Bobby tells Aaron his dish was one-note and Aaron doesn't take that well. He then proceeds to make the mistake that anyone who has ever watched even one episode of a Food Network competition show knows you never make, and that's arguing with the judges. Aaron wants to know where was the pho in Rob's dish. He also starts making faces while arguing with Bobby about his food. It's creepy - the boyish charm that had everyone pulling for him last week is suddenly replaced by a weird spoiled brat. Giada finally cuts him off with, "Rob did it better, I guess. At the end of the day, Aaron, that's what happened." She may be little, but she be fierce.

And here's where it gets really ugly. Cut to Aaron: "I know my dish was better than anyone else's." No, it wasn't. And I understand that having to out-perform Rob is a tall order, but if your dish was so great why couldn't you have at least done a solid job of selling it? Forget trying to keep up with Rob's personality and poise and sell your supposedly awesome food. You didn't. You just said bacon a lot and it wasn't a bacon crowd. I think a lot of people just deserted Team Aaron. I'd rather watch a paint drying documentary than this tool.

I found myself wondering if the decision on the final cuts had already been made, because if not Aaron just burned some major bridges. I get my answer when the four are dismissed to the waiting room so Bobby and Giada can mull over their decision. I don't think it's much of a decision.

Aaron bursts angrily into the waiting room cursing up a storm. He starts bitching about how awesome his dish was and then makes the completely delusional claim that, "Rob and I had the same presentation." His fellow contestants gawk at that one. He also calls the judges' decision BS.

Monterey opines that she doesn't think it's a good idea to call the judges' decision BS. She is still badly shaken, now even moreso at the idea of being eliminated in favor of Aaron after that performance. "If he stays and I go..." She can't even finish the thought. Neither can I. But I don't think we have to worry about it.

We are then treated to Bobby and Giada discussing the pros and cons of the bottom four.
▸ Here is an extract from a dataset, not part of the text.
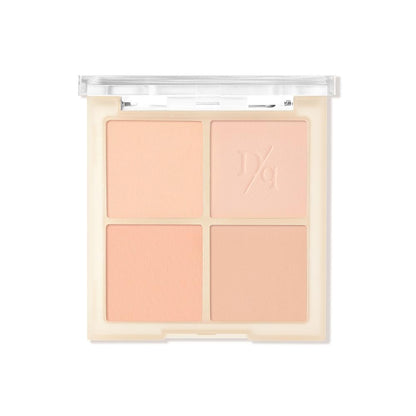 Dasique Blending Mood Cheek #01 Warm Blending – Cruelty-Free 4-Shade Powder Palette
Their conversation about Aaron doesn't mention his crappy attitude, but praises his potential, with Giada suggesting, "I'm tempted to keep him on." No, you're not.

My eliminations: Aaron and Melissa
The judges' eliminations: Aaron and Melissa

We're then treated to Aaron's comment of, "I'm a great cook, I've got a lot of personality, I'm a complete package." What you've got there son is a big fat ego that just got a much-needed check.

Melissa tried and failed, and there's nothing wrong with that. But Aaron fucked up big time and I think I speak for most if not all of the FNS audience when I say Star Salvation has its villain, the guy we won't  be pulling for to get a second shot. Because no one wants to tune into Aaron's show now. A grown man throwing a tantrum is not just unattractive, it's also not something I want to watch.

At the very end, Aaron is addressing the judges/mentors, but my DVR cut off right after he said, "Mentors..." God knows what he said, but my guess is it was something tool-ish.